Türkiye'nin uzun bir süredir Cumhuriyet tarihinin en ağır ekonomik krizini yaşadığını belirten İnsan Hakları Derneği Aydın Şube Başkanı Melek Demir; "Yıllardır
uygulanan borçlanmaya dayalı neoliberal ekonomi politikalarının, savaş ve çatışma harcamalarının sebep olduğu ekonomik kriz ve derin yoksullaşma, yurttaşların hem biyolojik hem de sosyal yaşamlarını sürdürülebilmelerini tümüyle imkansız kılan ağır insan hakları ihlalidir. Hayat pahalılığı, işsizlik, yoksulluk, güvencesizlesme ve örgütsüzleşme en çok kadınları, çocukları, mültecileri/sığınmacıları vurmaktadır. Bu koşullarda işçi ve emekçilerin kıdem tazminatı gibi
kazanılmış haklarına dokunulmamalı, enflasyon rakamları manipüle edilmemeli ve iş cinayetleri önenmelidir. işçi ve emekçilerin hak arama eylemleri yasaklanmamalı, sendikalaşma, grev ve toplu eylem hakkı güvenceye alınmalıdır.
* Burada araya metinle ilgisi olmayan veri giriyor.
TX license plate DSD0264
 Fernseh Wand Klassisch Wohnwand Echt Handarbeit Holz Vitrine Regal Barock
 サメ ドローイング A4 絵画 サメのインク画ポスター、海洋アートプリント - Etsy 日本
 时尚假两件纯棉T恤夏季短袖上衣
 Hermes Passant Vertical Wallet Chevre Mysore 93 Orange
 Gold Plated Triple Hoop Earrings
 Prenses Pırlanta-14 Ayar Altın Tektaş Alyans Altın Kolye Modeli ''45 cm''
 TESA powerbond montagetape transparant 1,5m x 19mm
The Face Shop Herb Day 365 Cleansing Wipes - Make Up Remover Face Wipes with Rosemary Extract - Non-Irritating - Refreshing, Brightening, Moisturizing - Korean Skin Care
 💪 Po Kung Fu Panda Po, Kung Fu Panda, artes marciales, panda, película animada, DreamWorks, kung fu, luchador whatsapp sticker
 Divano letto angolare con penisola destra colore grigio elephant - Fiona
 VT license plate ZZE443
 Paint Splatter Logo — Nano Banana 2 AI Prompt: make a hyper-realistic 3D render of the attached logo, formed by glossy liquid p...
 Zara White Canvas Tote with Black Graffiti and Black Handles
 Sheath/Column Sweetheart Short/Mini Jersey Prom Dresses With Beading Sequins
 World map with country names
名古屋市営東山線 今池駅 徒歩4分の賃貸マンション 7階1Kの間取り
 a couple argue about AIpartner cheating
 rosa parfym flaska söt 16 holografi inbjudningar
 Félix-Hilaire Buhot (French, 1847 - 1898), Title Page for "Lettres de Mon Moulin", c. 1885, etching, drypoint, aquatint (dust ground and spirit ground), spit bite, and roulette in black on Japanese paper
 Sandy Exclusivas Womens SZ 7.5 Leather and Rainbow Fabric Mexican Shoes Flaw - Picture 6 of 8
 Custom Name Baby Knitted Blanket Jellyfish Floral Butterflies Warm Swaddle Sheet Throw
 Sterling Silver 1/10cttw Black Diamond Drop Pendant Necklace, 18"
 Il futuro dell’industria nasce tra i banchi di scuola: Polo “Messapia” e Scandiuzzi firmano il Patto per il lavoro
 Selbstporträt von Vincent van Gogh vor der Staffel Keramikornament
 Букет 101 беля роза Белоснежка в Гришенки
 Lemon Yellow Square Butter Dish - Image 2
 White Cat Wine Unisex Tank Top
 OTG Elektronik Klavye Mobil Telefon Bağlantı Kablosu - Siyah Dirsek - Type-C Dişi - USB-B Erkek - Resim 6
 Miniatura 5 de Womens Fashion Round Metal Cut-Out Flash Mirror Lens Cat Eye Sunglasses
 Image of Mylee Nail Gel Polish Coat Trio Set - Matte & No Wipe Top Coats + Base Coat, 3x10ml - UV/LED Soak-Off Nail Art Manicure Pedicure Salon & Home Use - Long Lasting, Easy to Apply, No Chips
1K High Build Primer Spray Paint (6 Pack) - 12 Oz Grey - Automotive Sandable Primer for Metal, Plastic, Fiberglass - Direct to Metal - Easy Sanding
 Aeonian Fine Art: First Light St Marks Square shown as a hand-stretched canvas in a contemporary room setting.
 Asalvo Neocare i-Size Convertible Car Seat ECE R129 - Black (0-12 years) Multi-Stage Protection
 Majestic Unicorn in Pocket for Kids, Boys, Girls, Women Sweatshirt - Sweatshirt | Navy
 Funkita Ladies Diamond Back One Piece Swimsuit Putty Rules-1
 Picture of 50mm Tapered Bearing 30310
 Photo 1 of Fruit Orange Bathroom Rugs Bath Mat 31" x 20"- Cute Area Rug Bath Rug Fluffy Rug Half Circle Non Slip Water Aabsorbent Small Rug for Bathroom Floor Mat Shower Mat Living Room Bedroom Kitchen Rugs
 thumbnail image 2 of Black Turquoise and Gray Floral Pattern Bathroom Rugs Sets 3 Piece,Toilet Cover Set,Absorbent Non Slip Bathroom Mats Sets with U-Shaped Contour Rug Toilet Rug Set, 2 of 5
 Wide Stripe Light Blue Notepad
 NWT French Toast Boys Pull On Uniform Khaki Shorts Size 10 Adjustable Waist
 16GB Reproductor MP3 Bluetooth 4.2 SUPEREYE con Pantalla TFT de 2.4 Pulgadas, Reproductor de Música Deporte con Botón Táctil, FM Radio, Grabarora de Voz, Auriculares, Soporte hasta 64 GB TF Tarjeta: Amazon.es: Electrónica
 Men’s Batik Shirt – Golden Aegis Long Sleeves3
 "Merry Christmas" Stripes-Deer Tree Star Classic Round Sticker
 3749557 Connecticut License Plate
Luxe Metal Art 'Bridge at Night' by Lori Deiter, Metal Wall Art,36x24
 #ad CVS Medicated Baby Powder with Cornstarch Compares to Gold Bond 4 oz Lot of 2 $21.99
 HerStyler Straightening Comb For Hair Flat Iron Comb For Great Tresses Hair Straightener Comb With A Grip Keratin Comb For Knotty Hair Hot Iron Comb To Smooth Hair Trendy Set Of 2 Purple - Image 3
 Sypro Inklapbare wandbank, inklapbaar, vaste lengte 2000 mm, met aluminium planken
Hep vurguladığımız gibi, var oluş nedenleri hak ihlallerinin son bulduğu adalet, barış ve demokrasinin tesis edildiği bir ülke ve dünyaya ulaşmak olan bizler, dün olduğu gibi bundan sonra da tüm zorluklara karşın ihlalleri belgeleyip, raporlayarak görünür kılmaya, böylelikle önlemeye, cezasızlıkla mücadele etmeye ve insan haklarının kurucu değerlerine kararlılıkla sahip
çıkmaya devam edeceğiz" dedi.
"2024 YILINDA YAŞAM HAKLARI İHLALİ YOĞUN OLARAK YAŞANMIŞTIR"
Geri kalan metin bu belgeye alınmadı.